Inoltre, peggiora ancor di più la situazione quel sottile piacere che deriva dalla convinzione (anche se basata su un significato arbitrario che abbiamo attribuito) di “avere ragione” e che ci rende in quel momento sordi e insensibili all’altro. I passaggi, quindi, sono:

  • Succede qualcosa che genera malessere.
  • Diamo la colpa all’altro, spiegandoci arbitrariamente ciò che è successo in termini di “difetto” dell’altro.
  • Cambiamo la percezione e la considerazione dell’altro in senso negativo e perdiamo la connessione positiva con lui o lei.
  • Ci sentiamo, allora, nella ragione e nel diritto di diventare ostili, taglienti o dispregiativi.
  • Spesso, è l’inizio della fine, a causa delle conseguenze nel cosiddetto “conto corrente emozionale” di una tale comunicazione.
L’alternativa possibile

Esiste un’alternativa? Per fortuna sì, anche se non è immediatamente istintiva. L’alternativa consiste in una modalità assertiva di gestione di tutte quelle situazioni nelle quali abbiamo un problema o un disagio con qualcuno. La Comunicazione affettiva ci raccomanda due passaggi fondamentali da ricordare:

  1. È meglio comunicare prima di “sparare”. Cercare di “farsi capire” con l’accusa, o cercare di chiarire un accaduto dando per scontato di avere ragione è semplicemente impossibile.
  2. È meglio riflettere prima di comunicare. La qualità della comunicazione riflette la considerazione che abbiamo dell’altro. È, quindi, stupido pensare di poter risolvere qualcosa con una comunicazione distruttiva o dispregiativa.
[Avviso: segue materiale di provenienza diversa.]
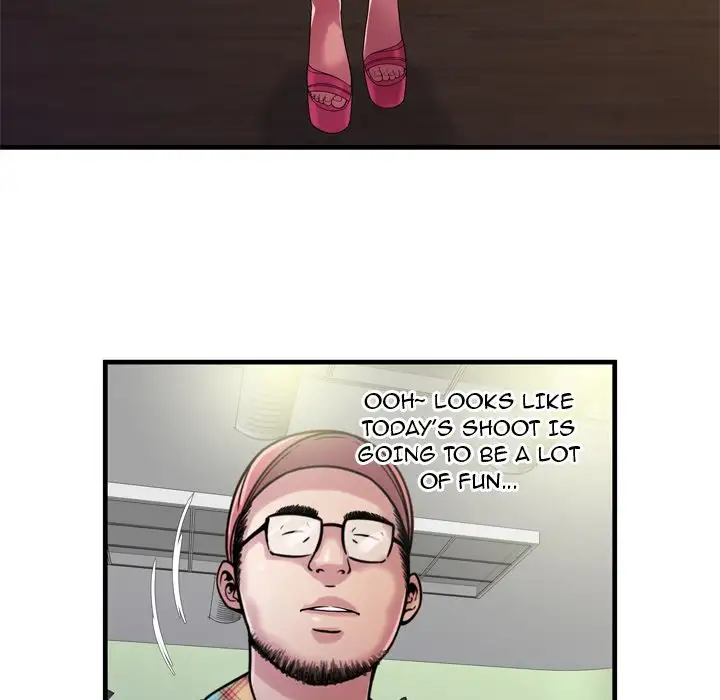 My Friend’s Dad - Chapter 46 [photo 5] - MangaPorn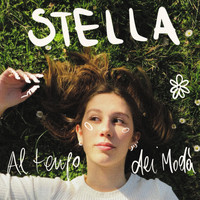 Stella - Al tempo dei Modà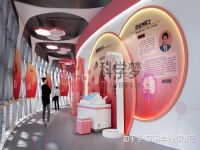 我有個(gè)高科技產(chǎn)品,想尋找成熟的電子商務(wù)公司合作,請問怎么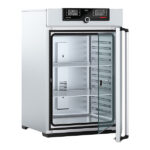 MEMMERT HCP240 Nem Kabini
Il punto che può fare la differenza resta “il significato” che attribuiamo a qualcosa che è successo. La comunicazione diventa assertiva pertanto nel momento in cui salviamo quello spazio nel quale ci preoccupiamo di capire veramente prima di trarre conclusioni soggettive.

Se vogliamo coltivare e costruire positivamente le nostre relazioni, la morale, quindi, è quella innanzitutto di “imparare a comunicare” prima di “sparare” addosso all’altro: dopo, infatti, potrebbe essere troppo tardi, o non esserci più la possibilità di trovare qualcuno con cui dialogare.